-- Opening Marker --
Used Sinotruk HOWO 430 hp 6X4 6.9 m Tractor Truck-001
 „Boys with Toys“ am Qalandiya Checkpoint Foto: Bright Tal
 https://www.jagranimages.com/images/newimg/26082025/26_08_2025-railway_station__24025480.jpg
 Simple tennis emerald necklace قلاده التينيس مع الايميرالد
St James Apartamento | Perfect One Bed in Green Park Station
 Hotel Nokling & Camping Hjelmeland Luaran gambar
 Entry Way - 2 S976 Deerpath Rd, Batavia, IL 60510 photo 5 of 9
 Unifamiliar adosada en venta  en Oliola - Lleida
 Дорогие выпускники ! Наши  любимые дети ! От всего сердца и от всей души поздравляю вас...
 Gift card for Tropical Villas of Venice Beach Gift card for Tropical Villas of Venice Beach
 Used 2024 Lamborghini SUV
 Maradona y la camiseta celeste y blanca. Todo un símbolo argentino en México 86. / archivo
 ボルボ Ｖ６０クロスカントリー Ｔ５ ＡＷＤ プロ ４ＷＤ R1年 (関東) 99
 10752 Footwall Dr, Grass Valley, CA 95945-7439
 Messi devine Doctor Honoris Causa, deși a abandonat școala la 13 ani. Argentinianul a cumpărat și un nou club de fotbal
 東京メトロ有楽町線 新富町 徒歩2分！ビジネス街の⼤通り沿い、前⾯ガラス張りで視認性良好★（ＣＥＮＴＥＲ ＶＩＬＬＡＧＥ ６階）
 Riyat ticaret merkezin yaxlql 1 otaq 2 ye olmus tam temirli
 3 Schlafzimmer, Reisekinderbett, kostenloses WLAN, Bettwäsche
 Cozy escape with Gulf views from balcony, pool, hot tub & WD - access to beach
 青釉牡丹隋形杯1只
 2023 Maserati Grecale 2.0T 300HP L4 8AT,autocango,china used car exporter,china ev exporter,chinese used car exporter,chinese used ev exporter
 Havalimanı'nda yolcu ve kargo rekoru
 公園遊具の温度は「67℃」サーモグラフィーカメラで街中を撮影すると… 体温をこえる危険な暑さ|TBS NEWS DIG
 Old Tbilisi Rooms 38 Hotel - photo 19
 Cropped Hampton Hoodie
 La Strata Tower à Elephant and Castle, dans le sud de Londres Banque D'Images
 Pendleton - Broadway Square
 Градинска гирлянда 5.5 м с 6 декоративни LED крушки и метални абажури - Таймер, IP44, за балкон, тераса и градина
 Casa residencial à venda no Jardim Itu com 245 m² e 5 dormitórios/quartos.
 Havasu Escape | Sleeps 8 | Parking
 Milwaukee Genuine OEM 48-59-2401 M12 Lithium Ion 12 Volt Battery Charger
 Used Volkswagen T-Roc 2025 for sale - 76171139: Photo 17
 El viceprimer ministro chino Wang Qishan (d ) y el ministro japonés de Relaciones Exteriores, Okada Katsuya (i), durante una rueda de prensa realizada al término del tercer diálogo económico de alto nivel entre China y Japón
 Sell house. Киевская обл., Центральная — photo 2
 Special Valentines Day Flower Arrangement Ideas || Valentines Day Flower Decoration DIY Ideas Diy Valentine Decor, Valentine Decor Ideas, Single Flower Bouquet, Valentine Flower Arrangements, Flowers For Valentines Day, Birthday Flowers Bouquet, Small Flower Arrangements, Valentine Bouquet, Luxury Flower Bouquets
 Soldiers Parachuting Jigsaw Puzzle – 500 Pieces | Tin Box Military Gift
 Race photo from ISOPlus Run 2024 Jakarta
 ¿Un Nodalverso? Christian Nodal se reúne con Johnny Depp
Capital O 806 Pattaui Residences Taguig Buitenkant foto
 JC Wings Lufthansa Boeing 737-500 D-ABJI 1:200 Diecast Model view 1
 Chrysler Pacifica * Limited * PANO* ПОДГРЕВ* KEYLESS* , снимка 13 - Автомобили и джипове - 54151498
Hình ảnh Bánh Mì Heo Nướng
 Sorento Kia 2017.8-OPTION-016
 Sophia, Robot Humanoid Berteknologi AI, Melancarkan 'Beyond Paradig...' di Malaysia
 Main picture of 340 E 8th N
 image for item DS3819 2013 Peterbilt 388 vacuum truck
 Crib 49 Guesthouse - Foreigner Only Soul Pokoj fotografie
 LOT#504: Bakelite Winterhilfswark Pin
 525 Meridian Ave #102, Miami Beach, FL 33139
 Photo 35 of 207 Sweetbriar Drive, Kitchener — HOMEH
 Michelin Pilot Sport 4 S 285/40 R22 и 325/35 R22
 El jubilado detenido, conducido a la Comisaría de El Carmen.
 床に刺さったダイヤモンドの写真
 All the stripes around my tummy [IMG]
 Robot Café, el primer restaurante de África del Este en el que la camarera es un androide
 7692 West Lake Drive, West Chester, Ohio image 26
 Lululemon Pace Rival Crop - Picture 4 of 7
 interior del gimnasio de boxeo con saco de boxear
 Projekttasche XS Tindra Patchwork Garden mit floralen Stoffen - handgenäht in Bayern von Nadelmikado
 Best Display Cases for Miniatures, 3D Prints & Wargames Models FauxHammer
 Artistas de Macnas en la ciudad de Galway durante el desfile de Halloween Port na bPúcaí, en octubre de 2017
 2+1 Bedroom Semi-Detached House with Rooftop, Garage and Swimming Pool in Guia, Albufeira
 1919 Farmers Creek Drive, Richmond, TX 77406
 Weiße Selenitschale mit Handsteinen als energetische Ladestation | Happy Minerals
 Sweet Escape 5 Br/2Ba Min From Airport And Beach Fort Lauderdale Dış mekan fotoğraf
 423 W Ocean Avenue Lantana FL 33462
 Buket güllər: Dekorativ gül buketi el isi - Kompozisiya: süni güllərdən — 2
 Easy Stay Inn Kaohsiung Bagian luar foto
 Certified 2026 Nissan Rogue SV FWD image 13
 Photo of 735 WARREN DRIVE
-- Closing Marker --
> _WHAT THE EXERCISE ASKS_
In the listing above, locate the line containing "Sophia, Robot Humanoid" and the line containing "El jubilado detenido, conducido". Transcribe those two lines and everything between them, exactly as written.

> _EXERCISE OUTPUT_
 Sophia, Robot Humanoid Berteknologi AI, Melancarkan 'Beyond Paradig...' di Malaysia
 Main picture of 340 E 8th N
 image for item DS3819 2013 Peterbilt 388 vacuum truck
 Crib 49 Guesthouse - Foreigner Only Soul Pokoj fotografie
 LOT#504: Bakelite Winterhilfswark Pin
 525 Meridian Ave #102, Miami Beach, FL 33139
 Photo 35 of 207 Sweetbriar Drive, Kitchener — HOMEH
 Michelin Pilot Sport 4 S 285/40 R22 и 325/35 R22
 El jubilado detenido, conducido a la Comisaría de El Carmen.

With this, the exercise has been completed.